Caption-style text data
※

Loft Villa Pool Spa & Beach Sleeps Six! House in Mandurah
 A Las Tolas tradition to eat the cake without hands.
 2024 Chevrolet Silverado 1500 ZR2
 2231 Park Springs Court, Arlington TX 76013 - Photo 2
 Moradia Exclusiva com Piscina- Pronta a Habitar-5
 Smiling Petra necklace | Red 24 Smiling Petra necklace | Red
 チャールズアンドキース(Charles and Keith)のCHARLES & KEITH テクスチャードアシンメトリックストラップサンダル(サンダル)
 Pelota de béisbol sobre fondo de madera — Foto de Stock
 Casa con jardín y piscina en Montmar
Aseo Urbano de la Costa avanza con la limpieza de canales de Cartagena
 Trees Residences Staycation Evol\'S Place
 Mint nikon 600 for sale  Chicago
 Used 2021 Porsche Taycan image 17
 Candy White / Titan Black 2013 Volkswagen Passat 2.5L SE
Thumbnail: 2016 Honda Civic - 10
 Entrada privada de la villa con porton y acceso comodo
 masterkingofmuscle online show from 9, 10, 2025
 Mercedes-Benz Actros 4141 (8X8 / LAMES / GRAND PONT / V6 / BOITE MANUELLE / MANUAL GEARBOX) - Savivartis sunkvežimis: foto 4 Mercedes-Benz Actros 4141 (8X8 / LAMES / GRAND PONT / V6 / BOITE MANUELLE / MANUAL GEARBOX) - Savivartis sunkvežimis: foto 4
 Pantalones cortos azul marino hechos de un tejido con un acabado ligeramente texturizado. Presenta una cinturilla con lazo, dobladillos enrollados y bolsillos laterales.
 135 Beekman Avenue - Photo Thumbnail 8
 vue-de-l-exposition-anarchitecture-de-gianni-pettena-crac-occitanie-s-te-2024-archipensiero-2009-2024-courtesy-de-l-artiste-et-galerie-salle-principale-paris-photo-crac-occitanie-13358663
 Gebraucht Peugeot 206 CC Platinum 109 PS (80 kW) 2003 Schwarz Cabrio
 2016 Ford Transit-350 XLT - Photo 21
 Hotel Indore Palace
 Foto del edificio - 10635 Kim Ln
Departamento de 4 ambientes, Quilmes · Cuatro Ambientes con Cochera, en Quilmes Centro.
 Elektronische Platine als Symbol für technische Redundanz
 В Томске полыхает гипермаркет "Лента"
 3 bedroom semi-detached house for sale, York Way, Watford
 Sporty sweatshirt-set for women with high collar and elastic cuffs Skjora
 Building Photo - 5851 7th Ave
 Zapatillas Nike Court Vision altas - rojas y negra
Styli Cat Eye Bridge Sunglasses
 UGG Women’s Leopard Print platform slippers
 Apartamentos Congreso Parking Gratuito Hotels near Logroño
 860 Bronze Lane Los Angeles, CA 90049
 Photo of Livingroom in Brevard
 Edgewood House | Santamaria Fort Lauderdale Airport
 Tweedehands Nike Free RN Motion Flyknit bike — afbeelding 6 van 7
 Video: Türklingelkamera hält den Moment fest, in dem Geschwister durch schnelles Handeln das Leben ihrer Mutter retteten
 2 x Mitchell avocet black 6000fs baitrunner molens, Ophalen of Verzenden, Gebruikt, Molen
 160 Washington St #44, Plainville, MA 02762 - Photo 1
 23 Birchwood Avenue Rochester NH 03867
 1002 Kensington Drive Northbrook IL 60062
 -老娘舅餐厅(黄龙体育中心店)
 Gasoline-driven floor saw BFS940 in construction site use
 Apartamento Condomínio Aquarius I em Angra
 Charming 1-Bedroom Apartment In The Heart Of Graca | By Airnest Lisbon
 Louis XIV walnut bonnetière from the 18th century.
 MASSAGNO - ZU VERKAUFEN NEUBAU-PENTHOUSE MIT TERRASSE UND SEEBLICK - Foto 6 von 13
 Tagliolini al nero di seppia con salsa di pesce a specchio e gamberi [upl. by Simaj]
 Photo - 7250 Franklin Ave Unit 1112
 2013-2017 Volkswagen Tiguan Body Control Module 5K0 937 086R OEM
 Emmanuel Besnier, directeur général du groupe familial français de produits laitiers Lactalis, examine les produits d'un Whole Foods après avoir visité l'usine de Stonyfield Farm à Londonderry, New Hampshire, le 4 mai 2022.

※

> [Assignment] The reply should consist solely of the lines of the data, exact, from the opening line through the line with "Smiling Petra necklace | Red 24", inclusive.

> [Result of this exercise]
Loft Villa Pool Spa & Beach Sleeps Six! House in Mandurah
 A Las Tolas tradition to eat the cake without hands.
 2024 Chevrolet Silverado 1500 ZR2
 2231 Park Springs Court, Arlington TX 76013 - Photo 2
 Moradia Exclusiva com Piscina- Pronta a Habitar-5
 Smiling Petra necklace | Red 24 Smiling Petra necklace | Red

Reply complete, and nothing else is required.